Throughout the whole of this district one finds lime-spatulas,[9] wooden clubs, canoe carvings, and other objects ornamented with scrolls. Nowhere else in British New Guinea do we find the continuous loop coil pattern, the guilloche, or loop coils. The spiral is absent from the Torres Straits and Daudai, but present up the Fly River and in the Papuan Gulf. It is absent again in the Central District, but reappears in the Massim Archipelagoes. It is only in the last district that we meet with a wealth of curved lines. What is the meaning of this?
[9] Southward of the Papuan Gulf, and in all the islands of the south-eastern extremity of New Guinea, the natives chew the betel-nut, and when chewing transfer quick-lime from gourds (“lime-gourds”) to their mouths by means of flat carved sticks (“lime-spatulas”). These vary greatly in form and in the character of their carving. The intaglio is filled in with lime, so that the design appears white on the polished ebony handles. These objects are often called “chunam spoons,” but they are never spoon-shaped, and there is no need to introduce an Anglo-Tamil word for lime.
All over this district we find decorative art permeated with the influence of the frigate bird. This beautiful bird is the sacred bird of the West Pacific. I shall allude to it again in a later section. The bird, or its head only, is often carved more or less in the round, especially for the decoration of canoes. It must, however, be remembered that such representations are conventional and not strictly realistic.

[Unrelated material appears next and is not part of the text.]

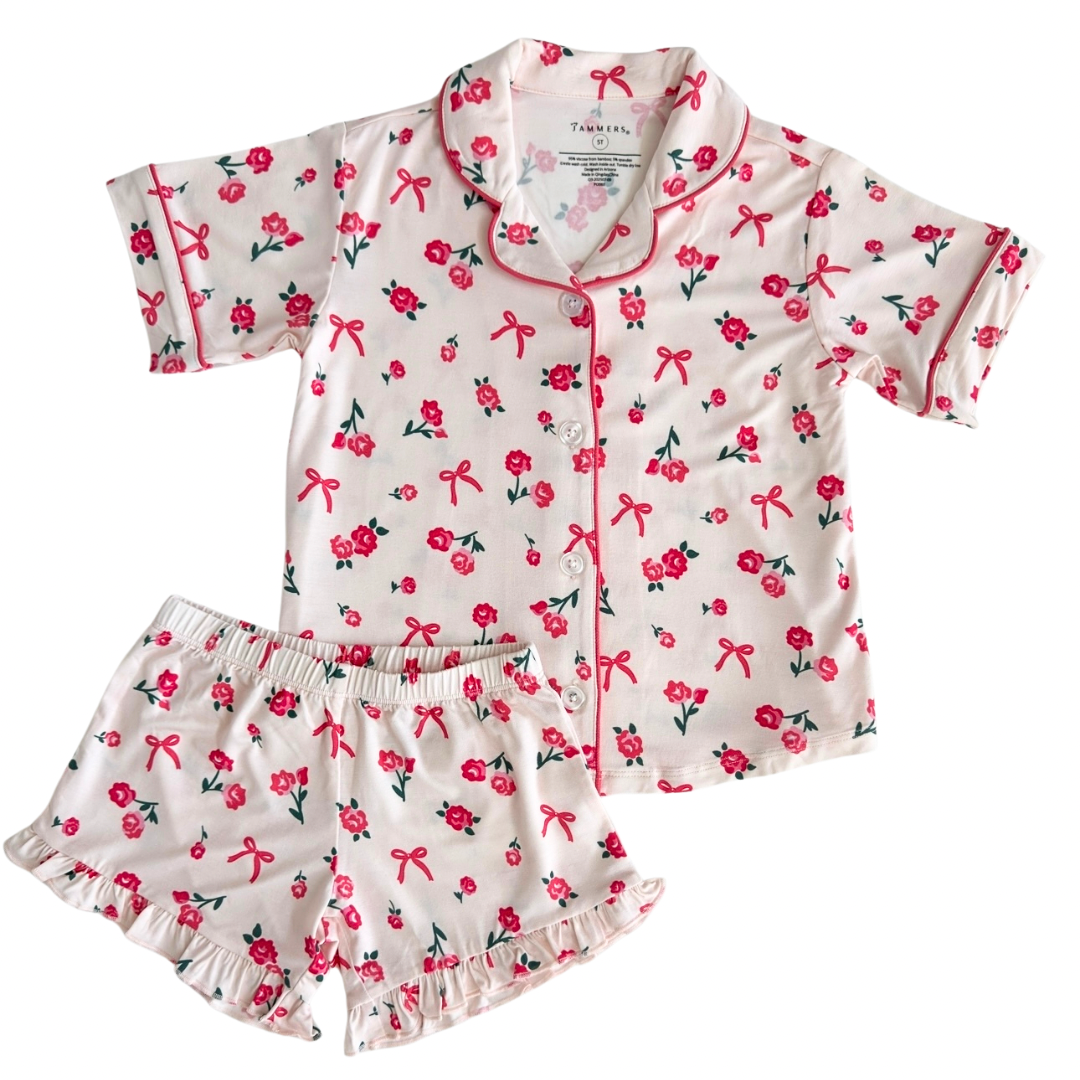 In My Jammers Pink Isabelle Kids Button Up Short Set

The same head is repeated on the handle of a spatula (Fig. 24), the curved tip of the beak of one bird forming the head of the bird immediately in front of it. From this simple origin the varied and beautiful scroll patterns have been developed. One important factor in the evolution of this pattern has been the confining of the design within narrow bands. When a band happens to be exceptionally broad, one often finds that the pattern becomes erratic. Queer contorted designs also result from the attempt to cover a relatively broad area, as in Fig. 25. Here there is nothing to guide or restrain the artist, except the boundary of the float; but on canoe carvings and some other objects there are usually structural or vestigial features, round which the design may be said to crystallise, and in these cases the pattern is approximately or entirely symmetrical.
The triangular spaces left above and below the beaks in the bird-scroll pattern are usually more or less filled up with crescentic lines, as in Fig. 26. Sometimes they are blank, and in this case the triangles may be coloured red instead of the white lime which is rubbed into the carving. The eyes of the birds are, as often as not, omitted altogether. (Figs. 27-30.) Their presence seems to have a conservative effect on the design, for where absent the elements of the design may slip upon or run into one another.
In Fig. 27 we have a good example of what I mean by the slipping of the elements of the design, with the result that a guilloche is arrived at. It will be noticed in this figure that the ends of the curved lines are mostly joined by an oblique bar. These oblique bars have become emphasised in Fig. 28, and a degeneration of the curved lines results in a simple pattern.
An example of the elements of the design running into one another is shown in Fig. 29, which, like the last two figures, is a reduced rubbing of part of the decoration of a sword-shaped wooden club. The band, shown in Fig. 30, is on the handle of the same club; the central pattern is clearly a simplification of that on the blade of the club, and it passes naturally into the zigzag carved below it.
In a carved border round the top of a betel-pestle (Fig. 31) the bird’s-head scroll has become simplified, and at the same time developed into a more convolute scroll. A very degraded example is seen in the upper band of Fig. 32.
It would be easy to multiply examples of simple and complex derivatives of the bird’s-head motive, but these few will serve to demonstrate the kind of modifications which occur.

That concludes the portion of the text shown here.